Learn More about Protective DNS (PDNS) from Infoblox

  • BloxOne Threat Defense Advanced – Strengthen and Optimize Your Security Posture from the Foundation (Datasheet)
  • Protect Your Network, Brand, and Customers with Custom Lookalike Domain Monitoring (Solution Note)
  • Powering Security Orchestration, Automation and Response (SOAR) Solutions from the Foundation
  • Threat Intelligence (Solution Note)
  • DNS Security Resource Center – Response Policy Zones (RPZ) Overview

[i] Cybersecurity Information: Selecting a Protective DNS Service.
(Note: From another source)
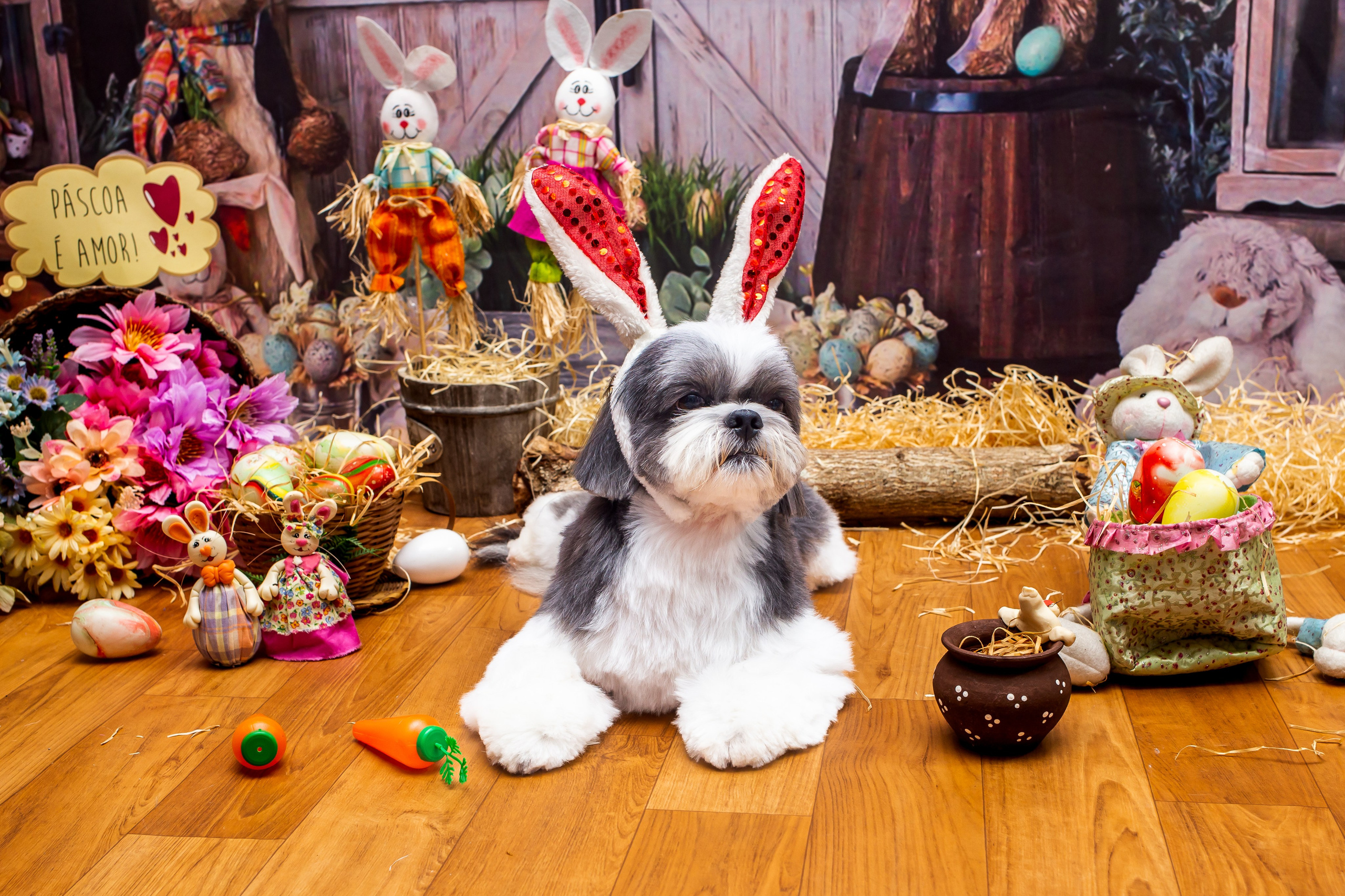 2023 — A doce Páscoa dos Pets. Fotografia Pet — estúdio, eventos, aniversários, ensaios temáticos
US Cybersecurity Requirements Center, March 2021.

What is Protective DNS (PDNS)? (2024)
Top Articles
How Non-Tariff Barriers Affect International Selling (2023) - Shopify
Most Popular and Highest Selling Feet Pics to Boost Your Sales [Revealed]
Funny Roblox Id Codes 2023
Www.mytotalrewards/Rtx
San Angelo, Texas: eine Oase für Kunstliebhaber
Golden Abyss - Chapter 5 - Lunar_Angel
Www.paystubportal.com/7-11 Login
Gore Videos Uncensored
Craigslist Greenville Craigslist
Top Hat Trailer Wiring Diagram
World History Kazwire
R/Altfeet
George The Animal Steele Gif
Nalley Tartar Sauce
Chile Crunch Original
Teenleaks Discord
Immortal Ink Waxahachie
Craigslist Free Stuff Santa Cruz
Mflwer
Costco Gas Foster City
Obsidian Guard's Cutlass
Mission Impossible 7 Showtimes Near Marcus Parkwood Cinema
Sprinkler Lv2
Uta Kinesiology Advising
Kcwi Tv Schedule
Nesb Routing Number
Olivia Maeday
Random Bibleizer
10 Best Places to Go and Things to Know for a Trip to the Hickory M...
Receptionist Position Near Me
Black Lion Backpack And Glider Voucher
Gopher Carts Pensacola Beach
Duke University Transcript Request
Nikki Catsouras: The Tragic Story Behind The Face And Body Images
Kiddie Jungle Parma
Lincoln Financial Field, section 110, row 4, home of Philadelphia Eagles, Temple Owls, page 1
The Latest: Trump addresses apparent assassination attempt on X
In Branch Chase Atm Near Me
Appleton Post Crescent Today's Obituaries
Craigslist Red Wing Mn
American Bully Xxl Black Panther
Ktbs Payroll Login
Jail View Sumter
Thotsbook Com
Funkin' on the Heights
Caesars Rewards Loyalty Program Review [Previously Total Rewards]
Marcel Boom X
Www Pig11 Net
Ty Glass Sentenced
Game Akin To Bingo Nyt
Ranking 134 college football teams after Week 1, from Georgia to Temple
Latest Posts
Dragon Souls - The Elder Scrolls V: Skyrim Guide - IGN
How to Log In With No Password With the ssh-agent Command (System Administration Guide: Security Services)
Article information

Author: Melvina Ondricka

Last Updated:

Views: 5821

Rating: 4.8 / 5 (68 voted)

Reviews: 83% of readers found this page helpful

Author information

Name: Melvina Ondricka

Birthday: 2000-12-23

Address: Suite 382 139 Shaniqua Locks, Paulaborough, UT 90498

Phone: +636383657021

Job: Dynamic Government Specialist

Hobby: Kite flying, Watching movies, Knitting, Model building, Reading, Wood carving, Paintball

Introduction: My name is Melvina Ondricka, I am a helpful, fancy, friendly, innocent, outstanding, courageous, thoughtful person who loves writing and wants to share my knowledge and understanding with you.